[ExI] A science-religious experience

efc at disroot.org efc at disroot.org
Fri Feb 21 00:12:17 UTC 2025



On Thu, 20 Feb 2025, Ben Zaiboc via extropy-chat wrote:

> On 20/02/2025 20:10, Jason Resch wrote:
>> Surely you hold some beliefs, including those that you can't justify 
>> with science or reason.
>>
>> 1. ... an external reality beyond your consciousness (non solipsism)
>> 2. ...  you will experience future events in your life (rather than 
>> "you" being confined to this singular moment in time)
>> 3. ... physical laws that have held will continue to hold (a belief in 
>> empiricism)*
>> 4. ... other people experience things and are neither automatons (sic) 
>> nor figments of your imagination.
>> 5. ... the universe is old (rather than being created in its current 
>> state in the last few minutes)
>>
>> You choose to not call these religious beliefs, but they are 
>> nonetheless beliefs you accept as true and operate according to the 
>> assumption of their truth. An assumption not justified by science.
>
>
> None of these are beliefs, and all are justifiable. They are null 
> hypotheses, or working assumptions, that are backed up by experience. As 
> long as no contrary evidence is presented, we keep assuming they are 
> true, because they are useful. This is the very essence of science.

Thank you Ben, I think you stated my view better and more succinct than my 
rambling. ;)

What philosophers (if any) inspire you? It would be interesting to hear if 
I missed any good ones out there. =)

> The word 'belief' can be confusing, and I prefer to avoid using it (when 
> I can remember to).

Yes!

> If you define beliefs as 'working hypotheses', then ok, these can be 
> called beliefs, but when someone says they have no beliefs, I think we 
> can assume they mean 'big B' Beliefs, that often, but not exclusively, 
> relate to religion. In other words, dogmatic assertions that are not 
> tested against evidence (or 'Believing in' something). It's the 
> difference between "I believe it's going to rain soon" (a testable 
> hypothesis) and "I Believe in the holy trinity" (untestable gibberish 
> that nevertheless has some emotional significance to the speaker).

I like what I see...

> I will sometimes say "I believe so" in response to a question, but it 
> just means "I think so", not "I fervently cling to this opinion, despite 
> any evidence to the contrary".

I think belief is the culprit here. If we remove it from this 
conversation, and try to rewrite it, at least to me, everything becomes 
much more clear, and the risk of misunderstanding becomes less.

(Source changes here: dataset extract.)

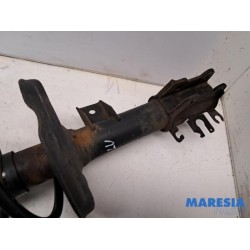 Fiat - 500 - Schokdemperpoot links-voor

> I think it's important to distinguish between an opinion that you're 
> willing to change when evidence or logic shows that it's false, and one 
> that nothing will persuade you to change. I think that, for most people, 
> the five points above all fall into the former category.

> *Empiricism has nothing to do with constancy of physical laws, it's just 
> a view that knowledge comes from experience.